EXERCISE DETAILS:
Starting from the line containing "aurelia women's pu", give again every line through the end of the entries, word for word. Pictures stay out of the copy.

INFORMATION PROVIDED:
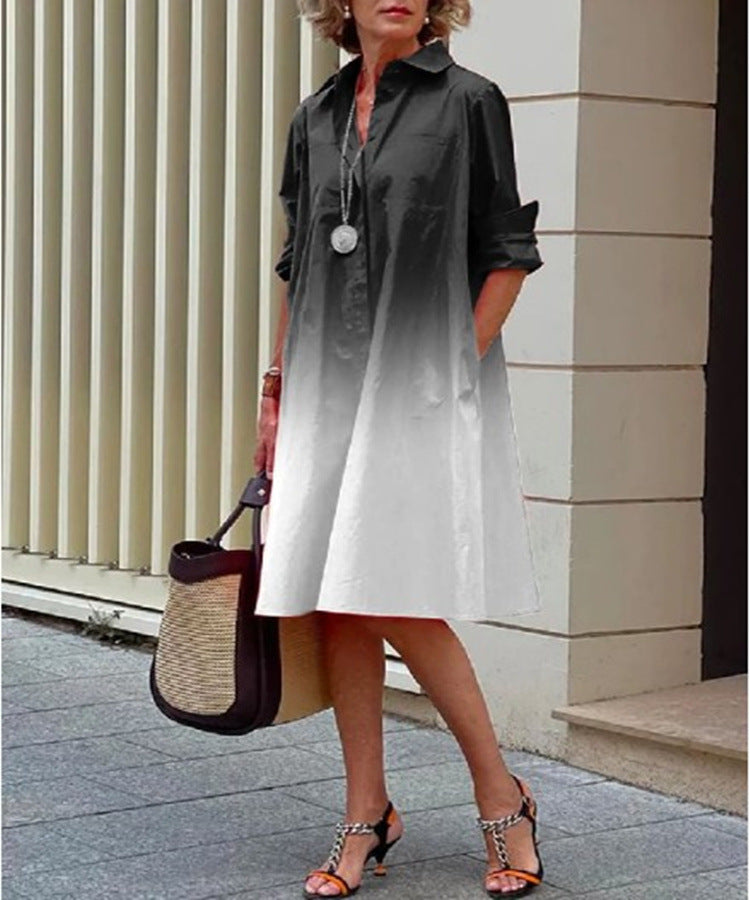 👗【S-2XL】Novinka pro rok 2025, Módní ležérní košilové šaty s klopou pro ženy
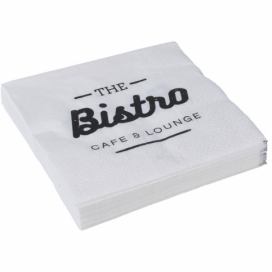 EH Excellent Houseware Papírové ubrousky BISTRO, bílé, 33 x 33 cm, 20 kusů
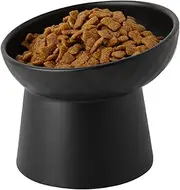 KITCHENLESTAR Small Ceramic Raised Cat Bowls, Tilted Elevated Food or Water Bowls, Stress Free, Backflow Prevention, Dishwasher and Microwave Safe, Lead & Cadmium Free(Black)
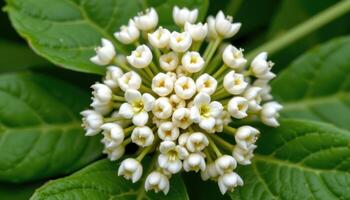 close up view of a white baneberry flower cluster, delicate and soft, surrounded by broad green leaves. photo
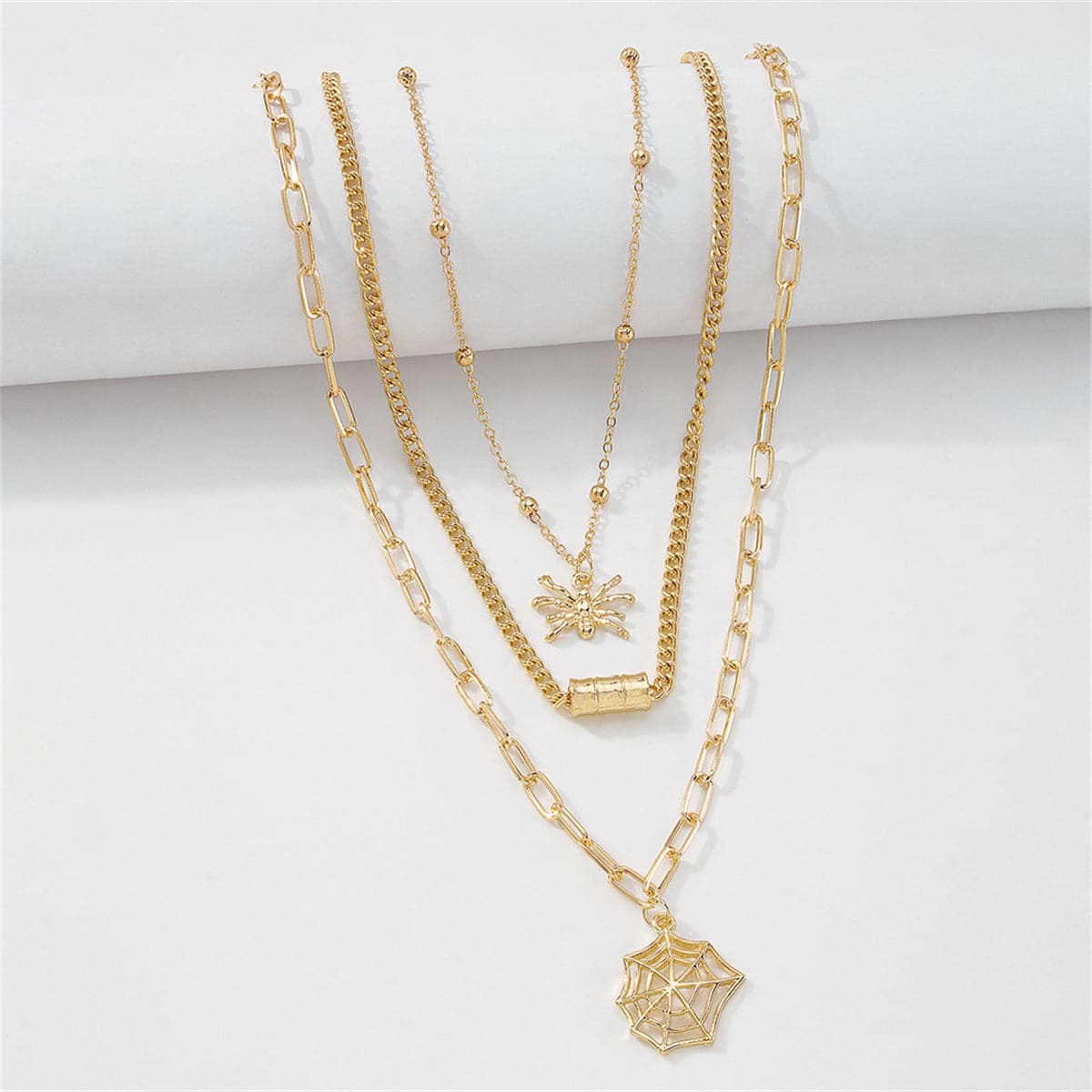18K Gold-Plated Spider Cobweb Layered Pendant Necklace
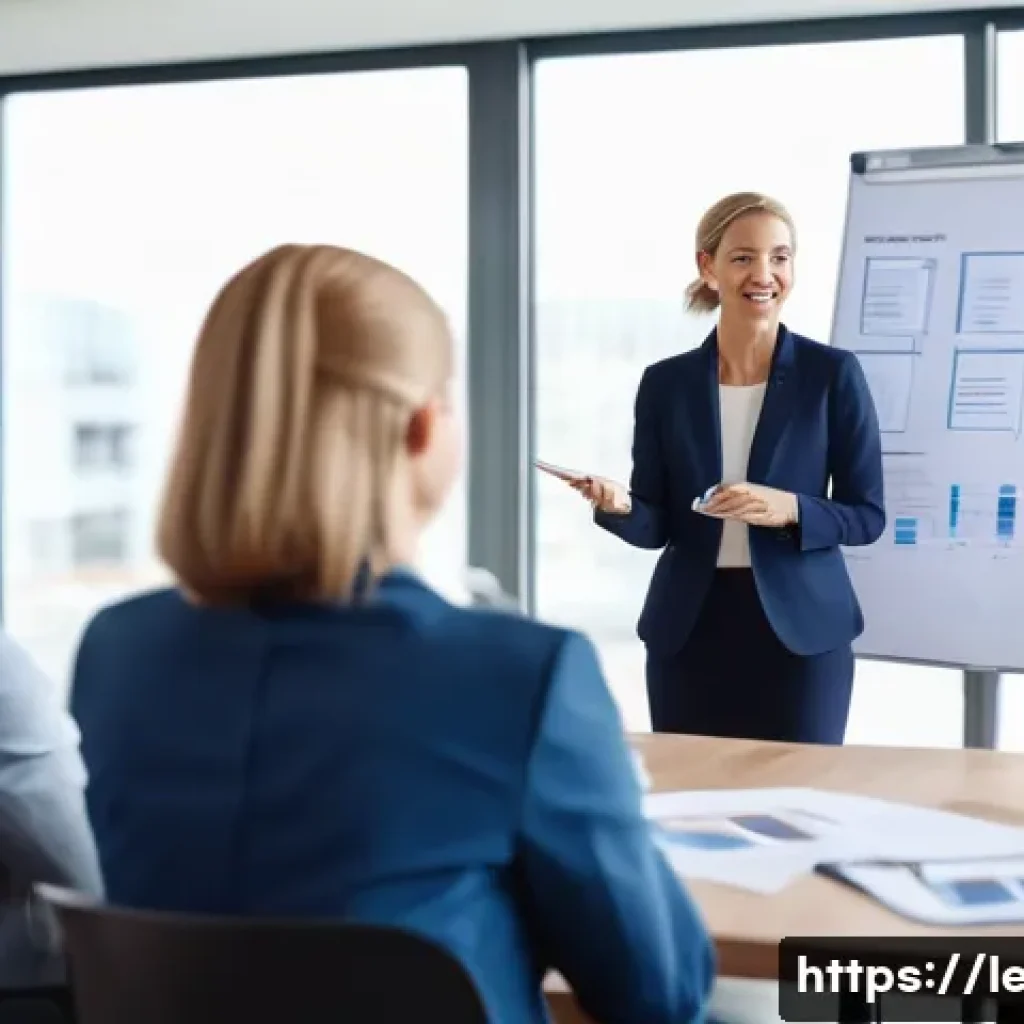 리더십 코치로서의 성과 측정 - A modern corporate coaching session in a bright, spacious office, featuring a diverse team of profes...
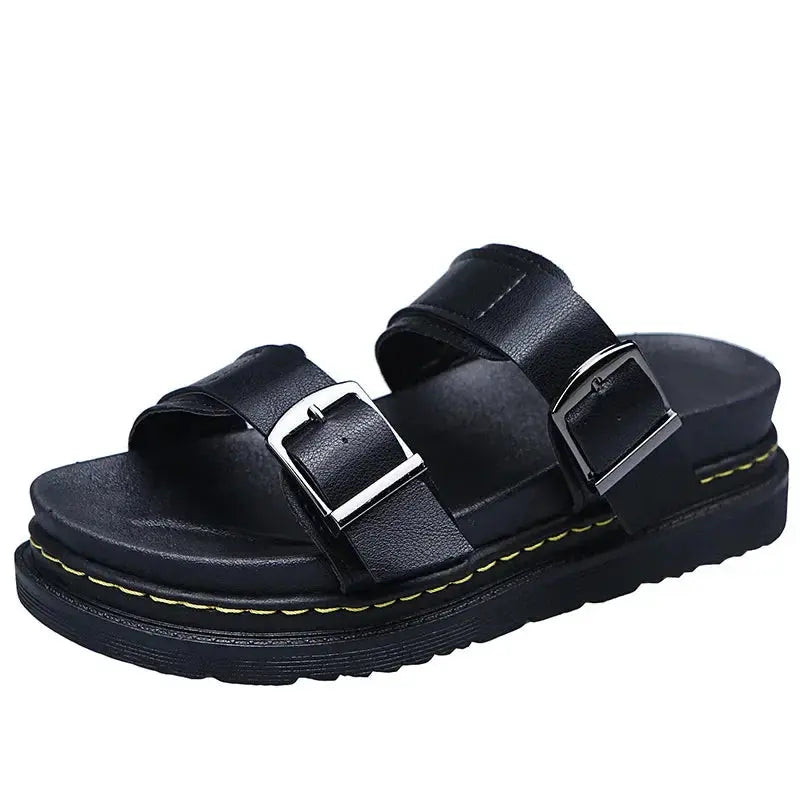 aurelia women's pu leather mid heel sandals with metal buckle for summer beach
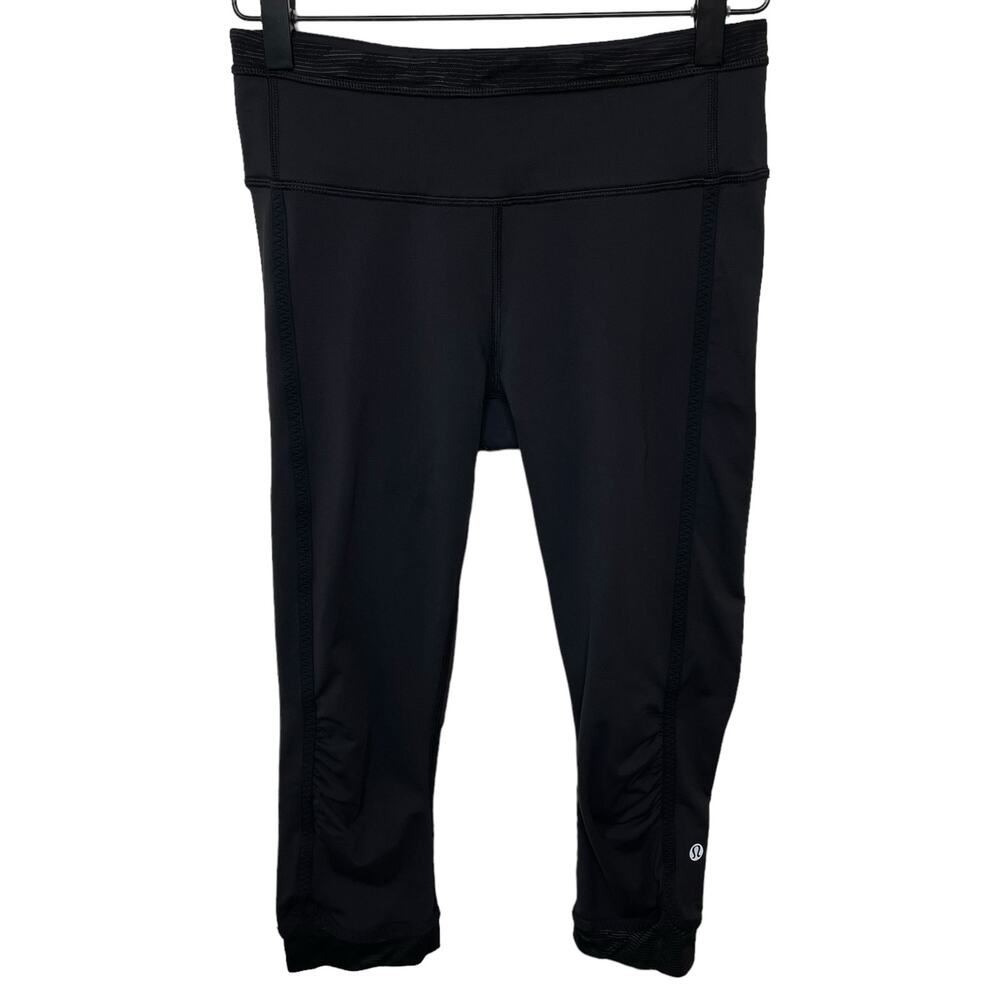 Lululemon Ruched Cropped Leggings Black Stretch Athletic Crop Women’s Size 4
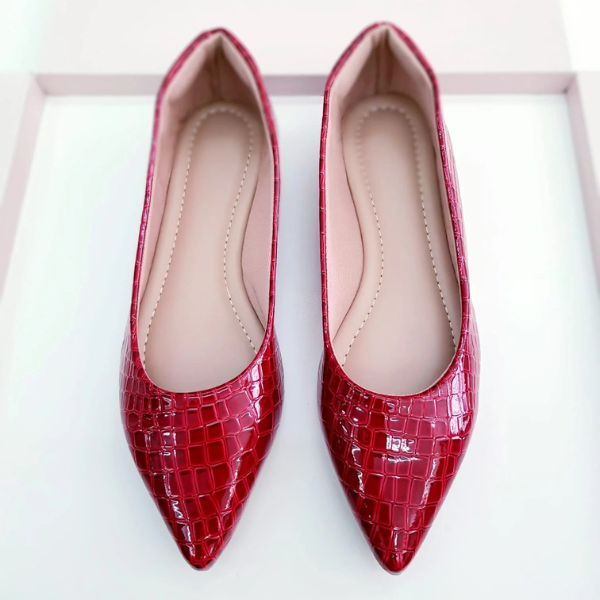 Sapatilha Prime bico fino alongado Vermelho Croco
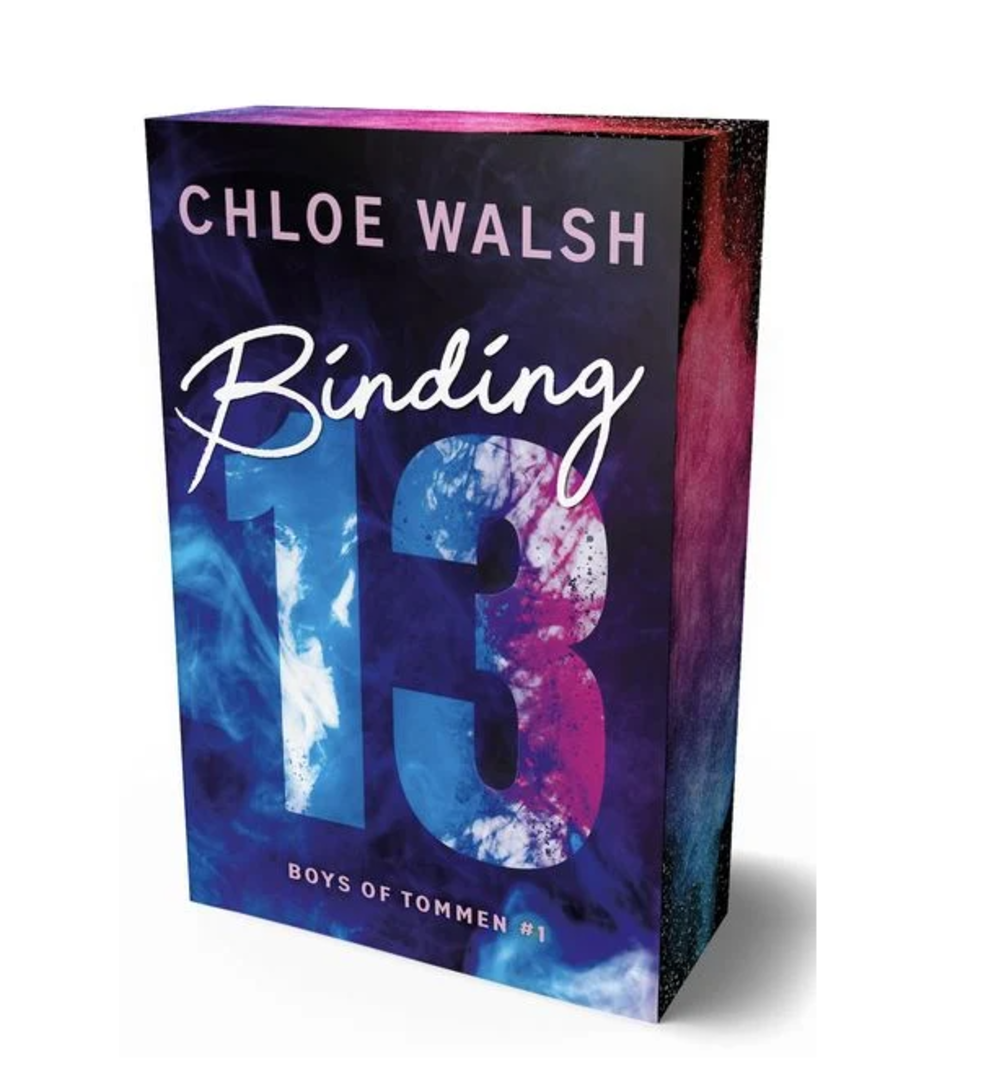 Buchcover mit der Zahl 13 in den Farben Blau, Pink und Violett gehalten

ANSWER:
 aurelia women's pu leather mid heel sandals with metal buckle for summer beach
 Lululemon Ruched Cropped Leggings Black Stretch Athletic Crop Women’s Size 4
 Sapatilha Prime bico fino alongado Vermelho Croco
 Buchcover mit der Zahl 13 in den Farben Blau, Pink und Violett gehalten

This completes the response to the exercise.